1. 1. 1. 1. 1. 1. 1. 1. 1. 1. 1. 1. 1. 1. 1. 1. 1. 1.
1. 1. 1. 1. 1. 1. 1. 1. 1. 1. 1. 1.]
for the same row, the autoencoder's prediction of the same indices are-
[ 0.04615583 0.04613763 0.10268984 0.00286385 0.0030572 0.02551027
0.00552908 0.09686473 0.02554915 0.0082816 0.02254158 0.01127195
0.00305908 0.17113154 0.01140419 0.03370495 0.00515486 0.02614204
0.00558715 0.02835727 0.0029659 0.01425297 0.00834536 0.04502939
0.02260707 0.01131396 0.00561662 0.01131314 0.00493734 0.00265232
0.0056083 0.01724379 0.06099484 0.03738695 0.01128869 0.01995548
0.00562622 0.00556281 0.01732991 0.03142899 0.05339266 0.04778111
0.00292415 0.02264618 0.01419865 0.00550648 0.00836777 0.01139715]
Now, first I thought, maybe I can use some kind of thresholding to get the 1's from these values. But it seems they are pretty random. For a single row, for the first 50 zero values for my test set, my autoencoder predicts-
[ 0.14251608 0.00118295 0.00118732 0.00304095 0.031255 0.00108441
0.0201351 0.00853934 0.00558488 0.00281343 0.00296877 0.00109651
0.01129742 0.00827519 0.0170884 0.01417614 0.01714166 0.00549215
0.00099755 0.00558552 0.00829634 0.01988331 0.00092845 0.00294271
0.01429107 0.01137067 0.01137967 0.01121876 0.00491931 0.00562285
0.0055124 0.01720702 0.0142925 0.00553411 0.00551252 0.00281541
0.01145663 0.002876 0.00555185 0.00525392 0.01421779 0.00273949
0.01698892 0.02529835 0.0112521 0.01130333 0.00554186 0.00291986
0.00554437 0.01144382]
How can I improve the predictions? What am I doing wrong here? I must say that the data is hugely sparse. If you want you can download the toy data from here. Please, let me know if you have any questions.

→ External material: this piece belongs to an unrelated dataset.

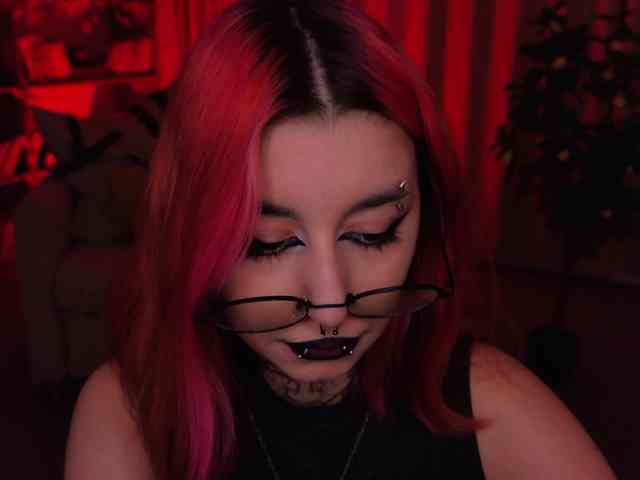 MistressMarcelline webcam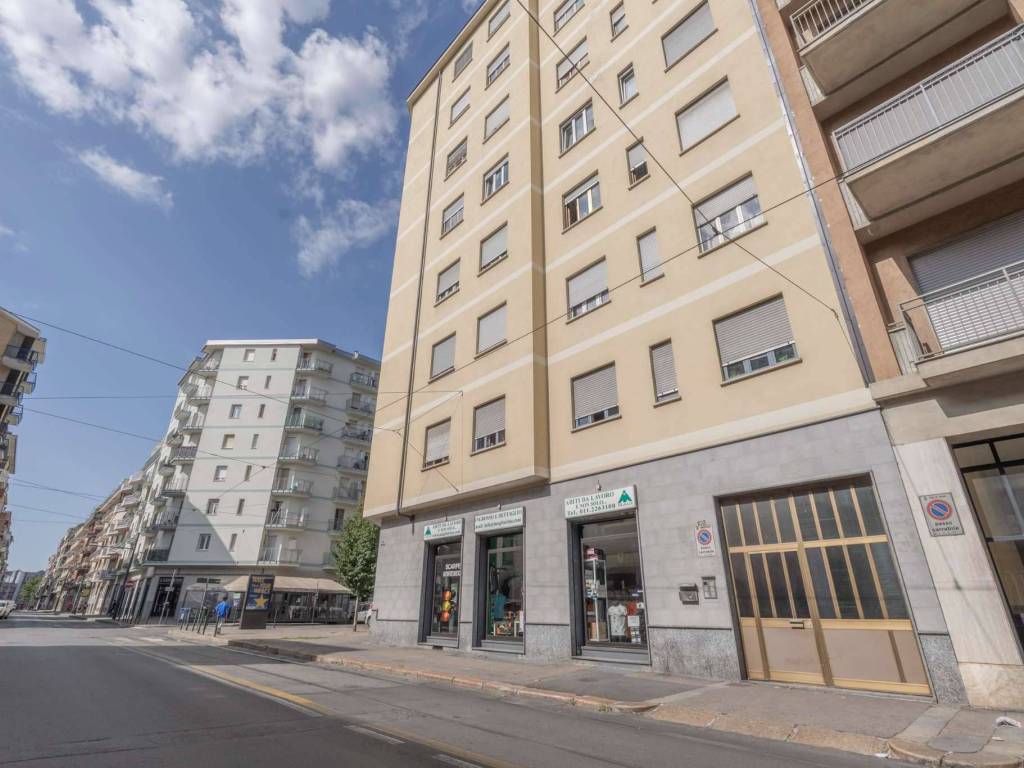 appartamento in vendita a Torino in zona Borgata Vittoria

One of the most important reasons is probably your training data size is just too small. You have a fully connected network and thus with 7 layers (including input and output) the number of parameters are just huge, close to 1.8M. You only have 360 training samples. So basically the parameters are untrained.
You can improve your work in two ways. One is of course to get more training data. The second is to follow the CNN example in the later part of the tutorial. CNN has been popular since it can greatly reduce the number of parameters.